# Weedline South of Nipple



## Capt. Ed (Aug 15, 2011)

Legacy went 2 for 5 today. Released a 200lb Blue and lost a white. Caught a yellowfin tuna. Had several other hits. - Cap'n Ed


----------



## lobsterman (Sep 30, 2007)

Awesome fish.


----------



## marmidor (Mar 15, 2008)

Heck yeah man. Nice job and thanks for the report.


----------



## Captain Trip Carter (Dec 31, 2011)

2-5 total strikes? Congrats on the fish!


----------



## fishboy (Oct 6, 2007)

Hey Ed, great day. Way to start the year with a blue. This is Rob weis- loking foward to more great reports. Hope all is well.


----------



## MSViking (Oct 11, 2007)

Outstanding!!:thumbup::notworthy:


----------



## Downtime2 (Sep 27, 2007)

Purdy work Ed. We gonna close the gap this week....


----------



## Gamefish27 (Nov 13, 2009)

Nice blue!!!!


----------



## Capt. Ed (Aug 15, 2011)

Captain Trip Carter said:


> 2-5 total strikes? Congrats on the fish!

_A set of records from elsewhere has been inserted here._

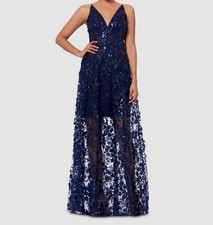 X by Xscape Women's Blue 3D Floral Appliqué Sequin V-Neck Gown Dress Size 4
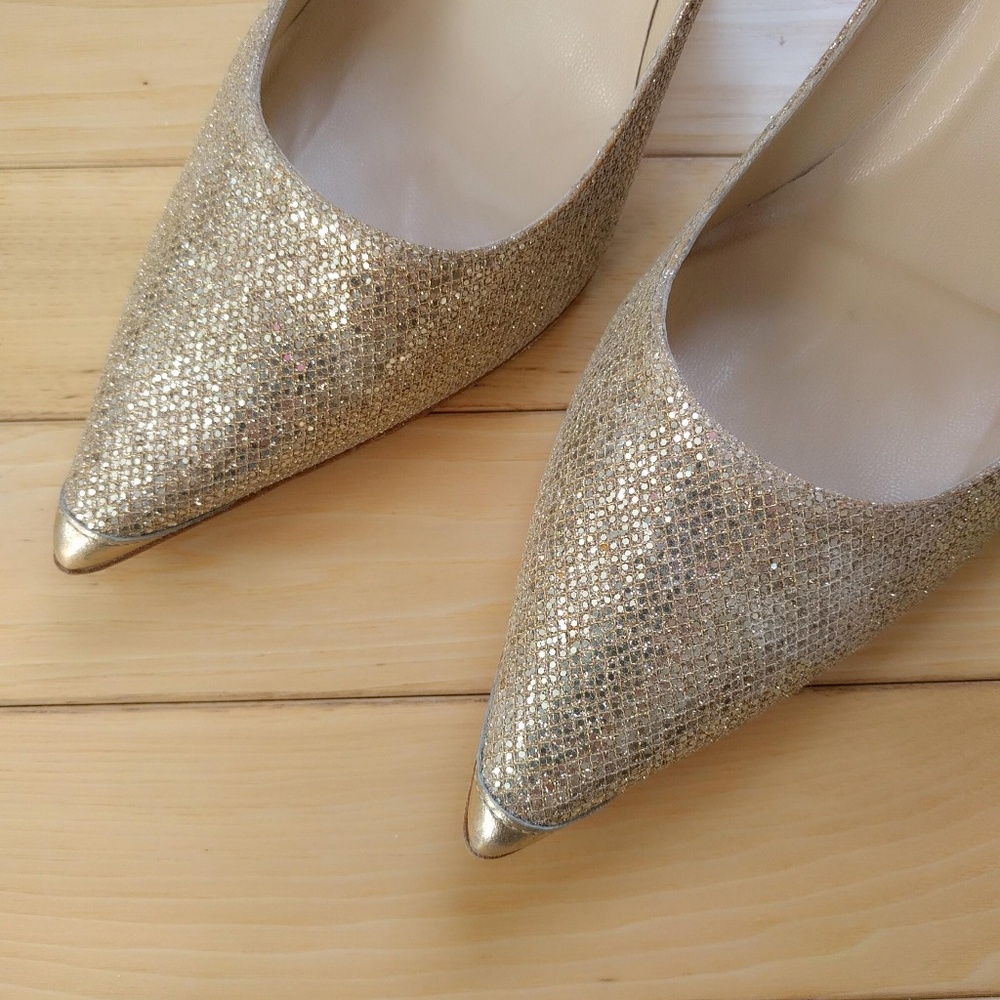 ⛔SOLD⛔ Jimmy Choo Gold Glitter Wedding Abel Pump - Picture 4 of 6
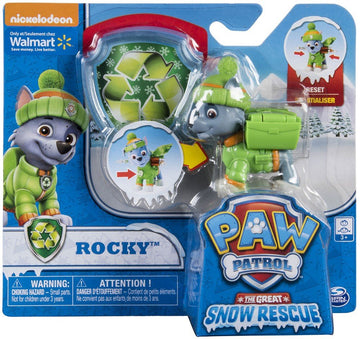 Paw Patrol Snow Rescue - Rocky with Transforming Pup Pack and Badge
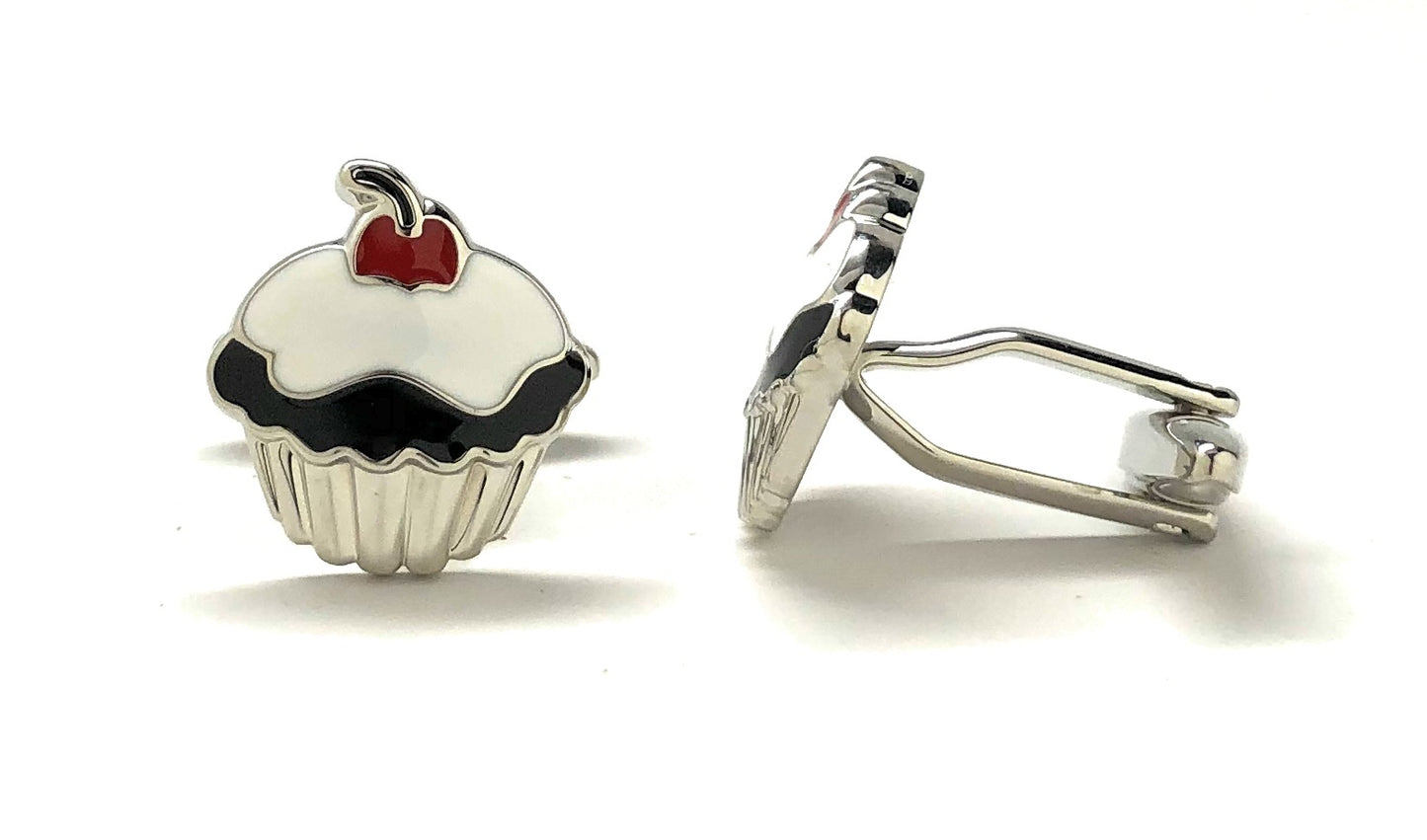 Cupcake-shaped earrings with a cherry on top on a white background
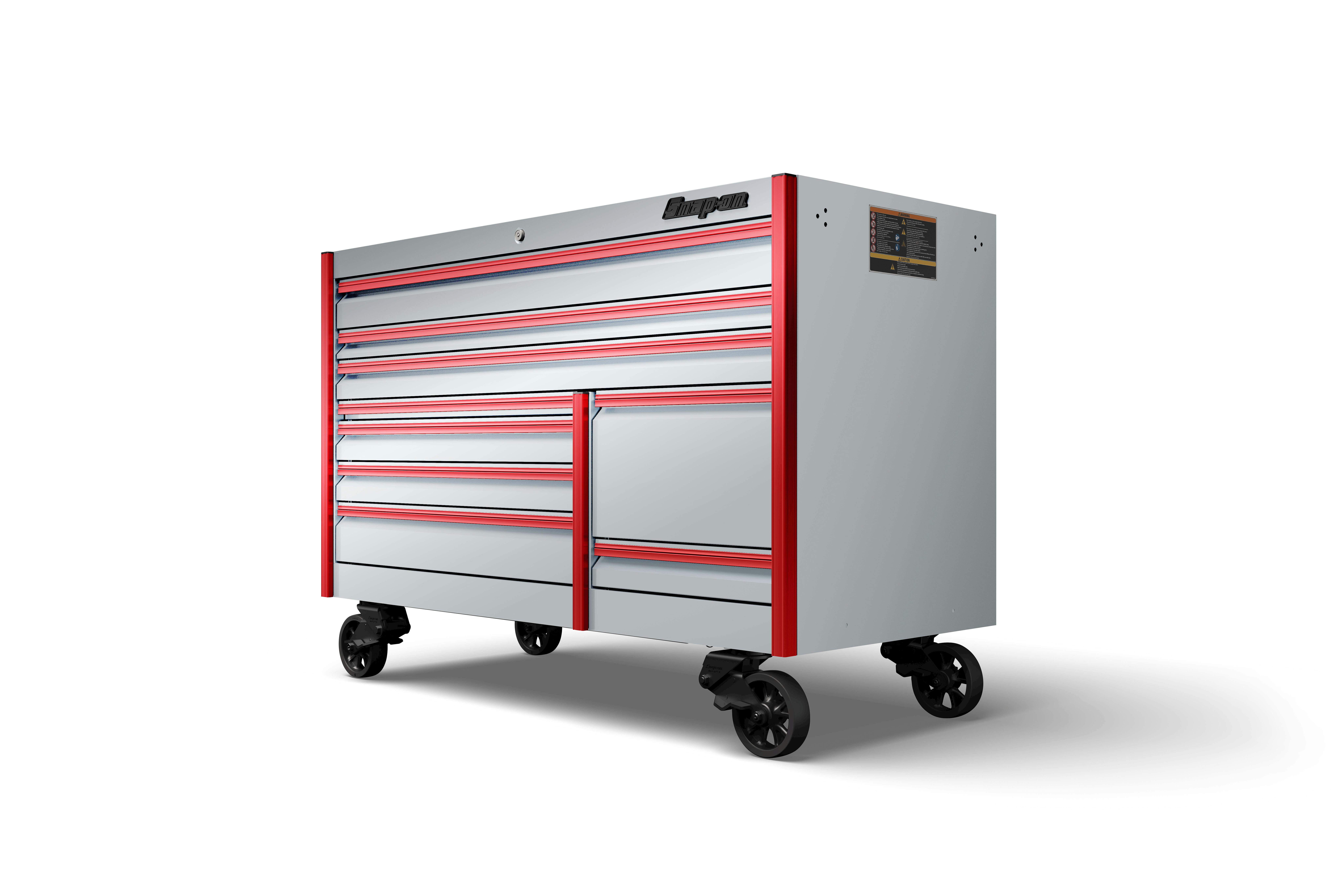 68 Nine-Drawer Double-Bank EPIQ™ Series Roll Cab with PowerDrawer and  SpeeDrawer (Arctic Silver with Red Trim and Blackout Details)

Thanks for the reply.It is looking good offshore.
Good luck this year Trip.
Ed


----------



## Capt. Ed (Aug 15, 2011)

Thanks Rob
Congrats on your baby girl.
Look forward to seeing you
and your family.
Ed


----------



## Capt. Ed (Aug 15, 2011)

No problem.I hope this year will stay good in close.
Catchum Up
Capt. Ed


----------



## billin (Oct 14, 2007)

nice


----------